That email was meant for Airs, I spoke to the studio and they barely have a single Gravity for looking. At the time of my call they didn’t even know why they suddenly were getting calls for test drives, nobody gave them a heads up.
This has has been the situation at Lucid for a very long time. The Sales and the Marketing operations are managed separately, and they do not communicate with each other. I do not know why, but it's one of the weirdest persistent organizational issues I've ever seen, especially in a fairly small company.
I have seen the scenario you describe play out in other contexts. The most pronounced was at the West Palm Beach Studio last fall. I got an email nvitation to attend a "special" showing of a Gravity during a 2-hour window. We rearranged a league tennis match to make the visit within the specified hours. We arrived at the showroom right at the start of the specified viewing window. I walked up to a sales associate and said I had an invitation for the "special" event. She seemed confused, saying the car had been on the floor since the afternoon of the day before, and anyone could walk in off the street and see it. A few minutes later, a couple of people from Lucid Marketing marched out of a backroom with several trays of sandwiches and snacks for the "special" showing. I asked the sales associate what was going on, and she just shrugged, saying she had no idea.
A similar situation played out a few weeks later when a different Gravity arrived at the Miami Worldcenter Studio for another "special" showing to which I received an invitation. This time I called ahead and was told the car was already in the showroom, and there were no designated "special" viewing hours. This studio was more heavily staffed with sales associates than West Palm Beach, and there was a large contingent of corporate Marketing and corporate Product Planning people on hand. I had a long and very informative talk with one of the Product Planning staffers. But when I later asked a couple of sales associates questions, I found them woefully ill-informed.

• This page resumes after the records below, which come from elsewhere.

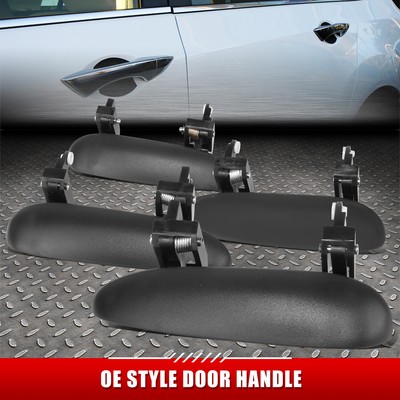 [4ШТ] ДЛЯ 95-05 CAVALIER SUNFIRE СЕДАН ПЕРЕДНИЕ ЗАДНИЕ ЛЕВЫЕ И ПРАВЫЕ ДВЕРНЫЕ РУЧКИ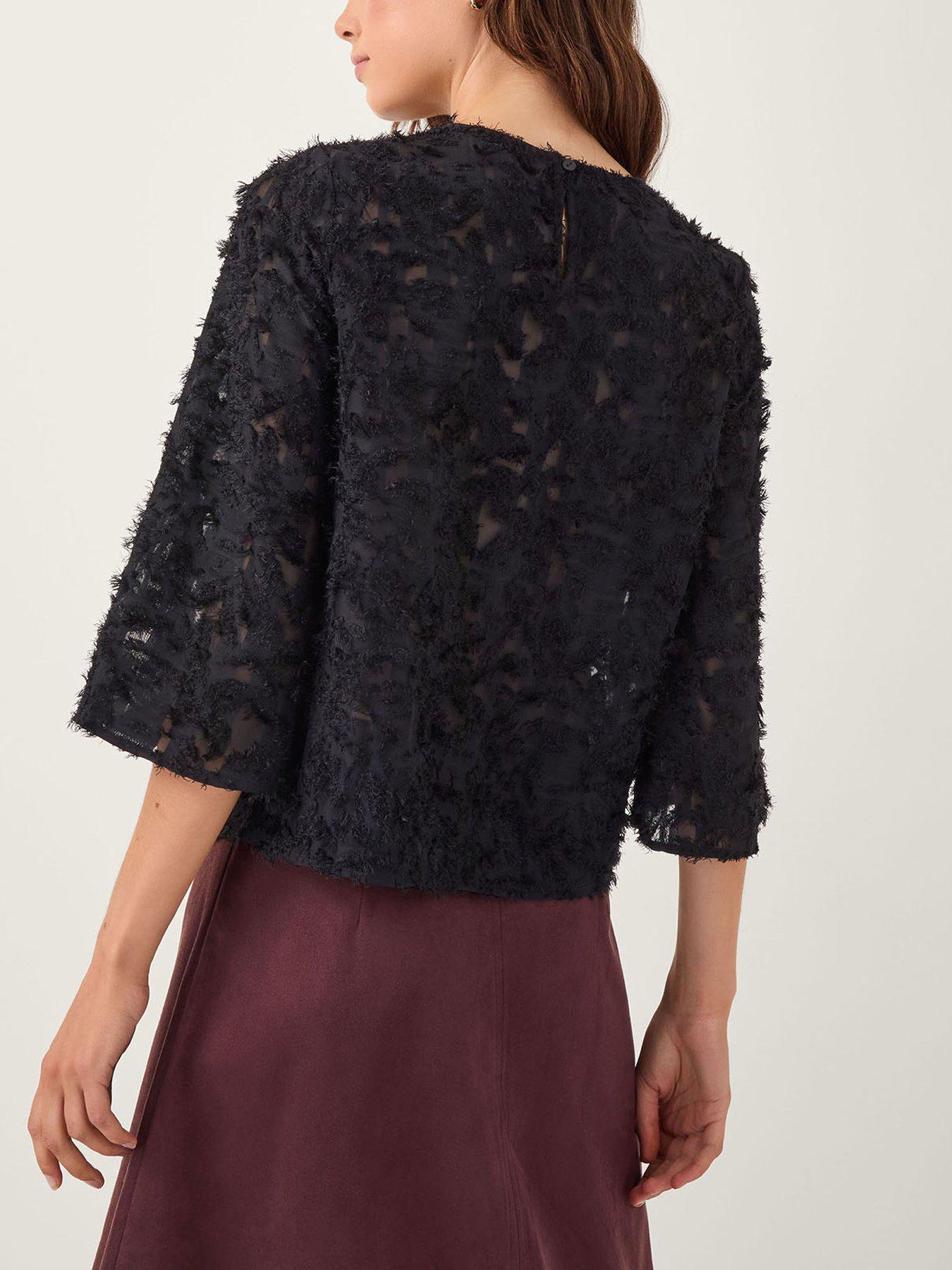 monsoon-chrissy-textured-top-blackstillFront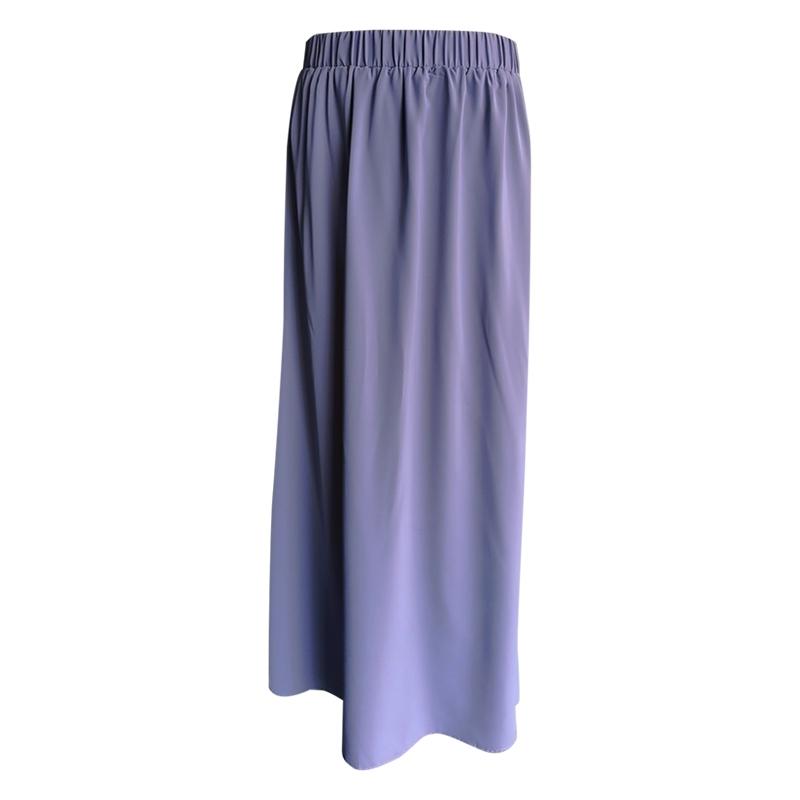 Large Hem Solid Color Robe Dress Hood Set Muslim National Costume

One didn't even realize that a wall display had been put up that displayed Gravity interior colors and that the exterior color blocks had been set up for viewing on a table. It was clear that the sales associates had been kept completely out of the loop of how the marketing people were managing the showing as well as not being briefed on the Gravity itself.
I have wondered whether allowing this type of organizational disarray to fester might not have played a role in Peter Rawlinson's departure, especially as Winterhoff seemed to go out of his way during the earnings call to mention marketing shortcomings as something that was going to be addressed.
In fairness, Rawlinson had too much on his plate for any mortal, and this seemed to be exacerbated by his engineer's bias to obsess over engineering details. It is also why every car he has developed, beginning with the original Model S, has broken major new ground. So I'm glad he was there, and I'm one who wished he had stayed.
But his successors need to get on the stick and finally get Marketing and Sales on the same page.